[Linux-cluster] Any thoughts on losing mount?

isplist at logicore.net isplist at logicore.net
Tue Nov 27 18:04:15 UTC 2007


> The error message indicates resource group (RG) may get corrupted. Have
> you tried to do an fsck (or did it fixes anything) ?

Should this be while the partition is unmapped on any of the nodes?

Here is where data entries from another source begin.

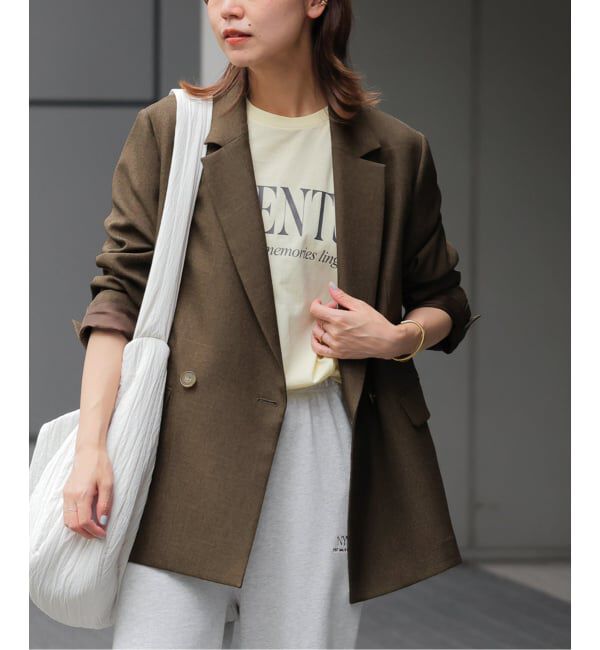 追加》シャークツイードテーラードジャケット（JOURNAL STANDARD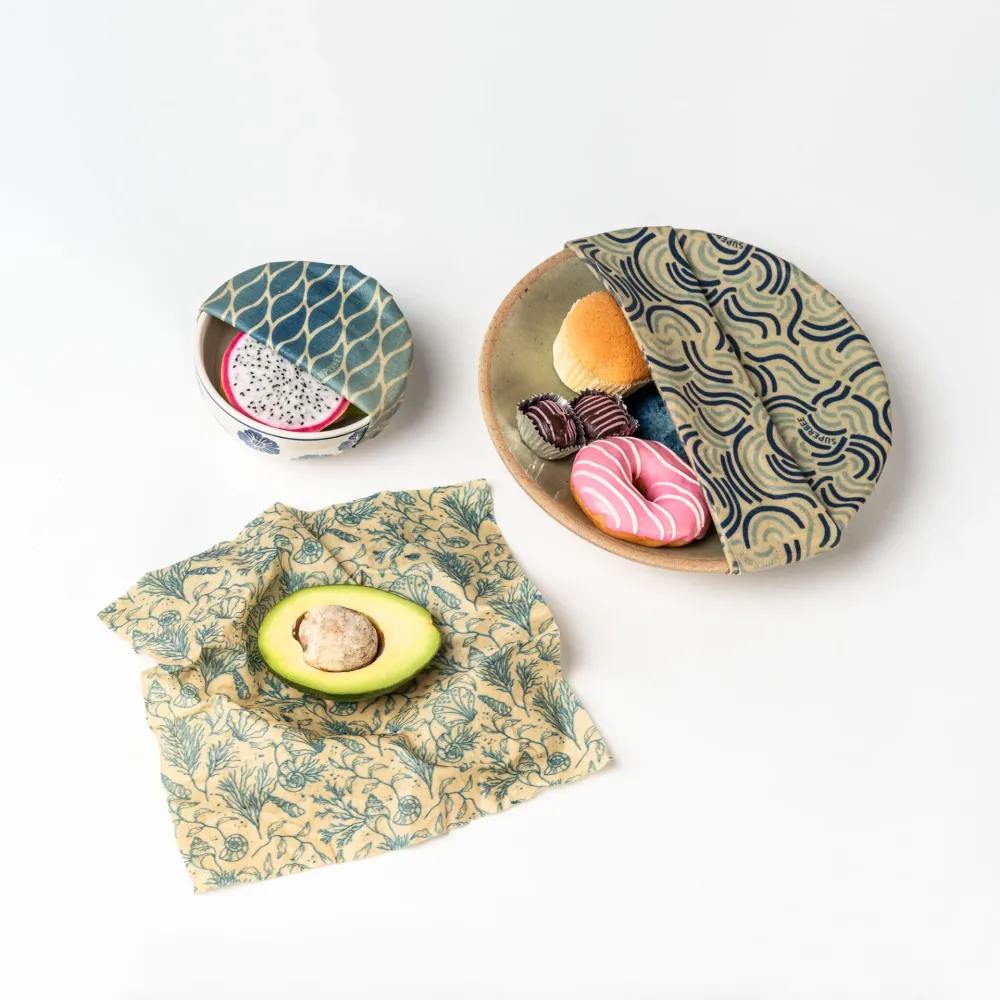Startsett med bivoks matomslag – Classic, 3 stk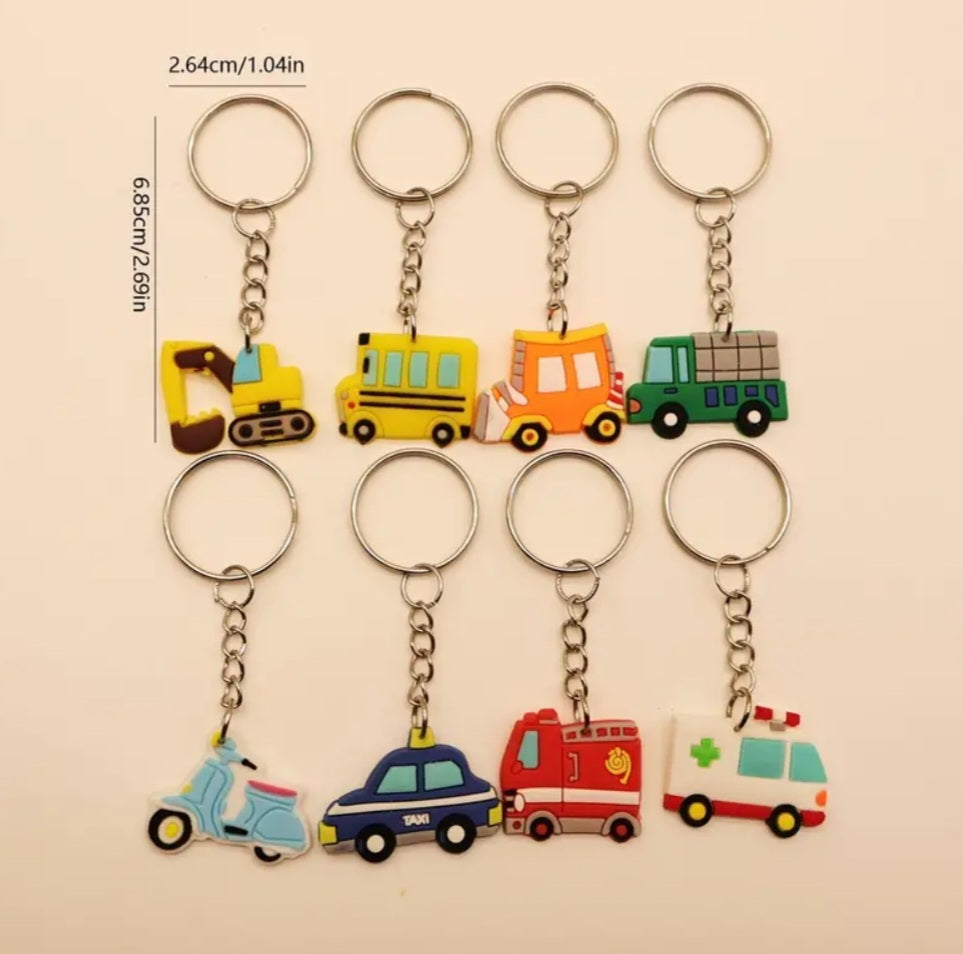Cars Keychain set of 8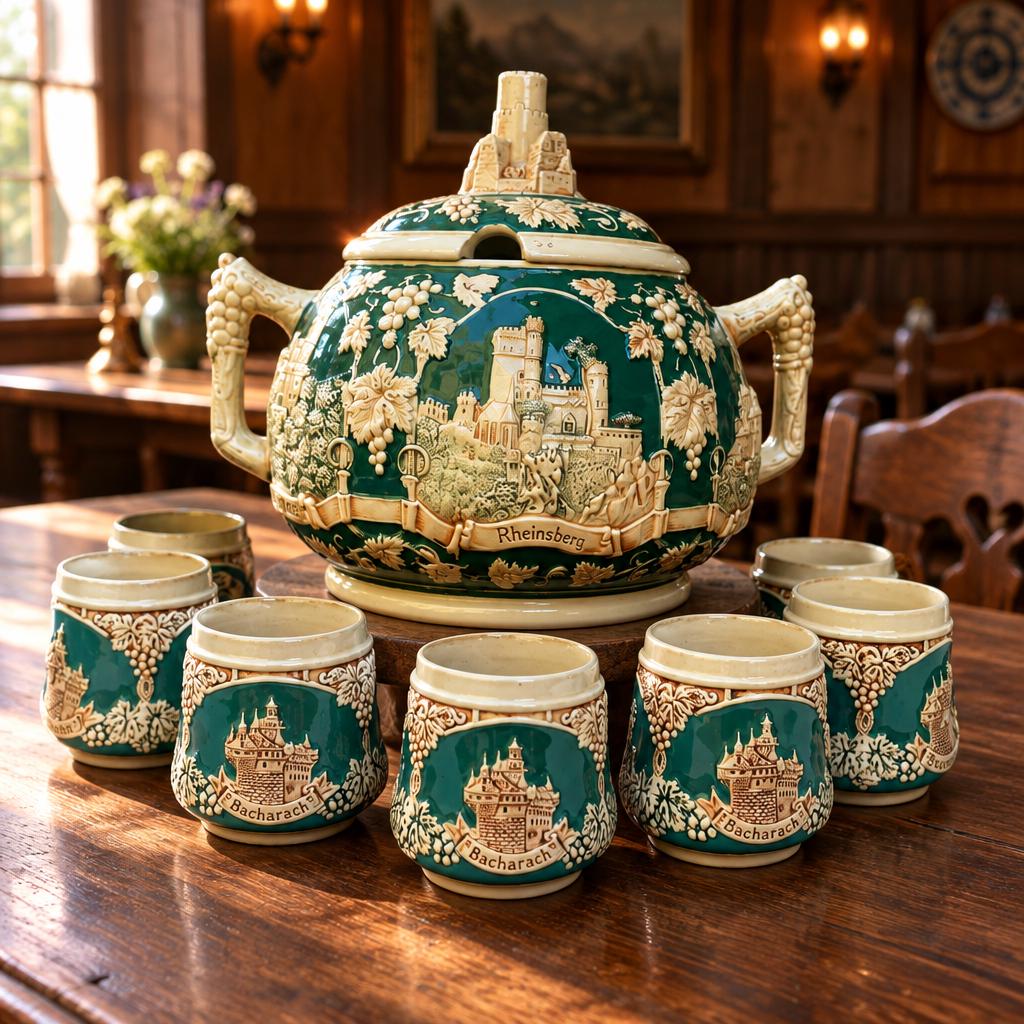 【ドイツ 貝殻の容器とスプーンのセット】ヴィンテージ Vintage German Stoneware - Etsy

# ./fsck /dev/mapper/VolGroup03-web
fsck 1.35 (28-Feb-2004)
e2fsck 1.35 (28-Feb-2004)
Couldn't find ext2 superblock, trying backup blocks...
fsck.ext2: Bad magic number in super-block while trying to open 
/dev/mapper/VolGroup03-web

I've also seen this in the log;

compdev kernel: GFS: Trying to join cluster "lock_dlm", "vgcomp:qm"
compdev kernel: GFS: fsid=vgcomp:qm.1: Joined cluster. Now mounting FS...
compdev kernel: GFS: fsid=vgcomp:qm.1: jid=1: Trying to acquire journal 
lock...
compdev kernel: GFS: fsid=vgcomp:qm.1: jid=1: Looking at journal...
compdev kernel: GFS: fsid=vgcomp:qm.1: jid=1: Done
compdev kernel: GFS: fsid=vgcomp:web.3: fatal: filesystem consistency error
compdev kernel: GFS: fsid=vgcomp:web.3:   RG = 31104599
compdev kernel: GFS: fsid=vgcomp:web.3:   function = gfs_setbit
compdev kernel: GFS: fsid=vgcomp:web.3:   file = 
/home/xos/gen/updates-2007-11/xlrpm29472/rpm/BUILD/gfs-
kernel-2.6.9-72/up/src/gfs/bits.c, line = 71
compdev kernel: GFS: fsid=vgcomp:web.3:   time = 1196105648
compdev kernel: GFS: fsid=vgcomp:web.3: about to withdraw from the cluster
compdev kernel: GFS: fsid=vgcomp:web.3: waiting for outstanding I/O
compdev kernel: GFS: fsid=vgcomp:web.3: telling LM to withdraw
compdev kernel: lock_dlm: withdraw abandoned memory
compdev kernel: GFS: fsid=vgcomp:web.3: withdrawn

and;

compdev kernel: GFS: fsid=vgcomp:web.3: Scanning for log elements...
compdev kernel: GFS: fsid=vgcomp:web.3: Found 1 unlinked inodes
compdev kernel: GFS: fsid=vgcomp:web.3: Found quota changes for 0 IDs
compdev kernel: GFS: fsid=vgcomp:web.3: Done
compdev kernel: GFS: fsid=vgcomp:web.3: fatal: filesystem consistency error
compdev kernel: GFS: fsid=vgcomp:web.3:   RG = 31104599
compdev kernel: GFS: fsid=vgcomp:web.3:   function = gfs_setbit
compdev kernel: GFS: fsid=vgcomp:web.3:   file = 
/home/xos/gen/updates-2007-11/xlrpm29472/rpm/BUILD/gfs-
kernel-2.6.9-72/up/src/gfs/bits.c, line = 71

> Also do you remember any abnormal event (unclean shut-down, panic,
> power-lost, etc) *before* this issue pops out ?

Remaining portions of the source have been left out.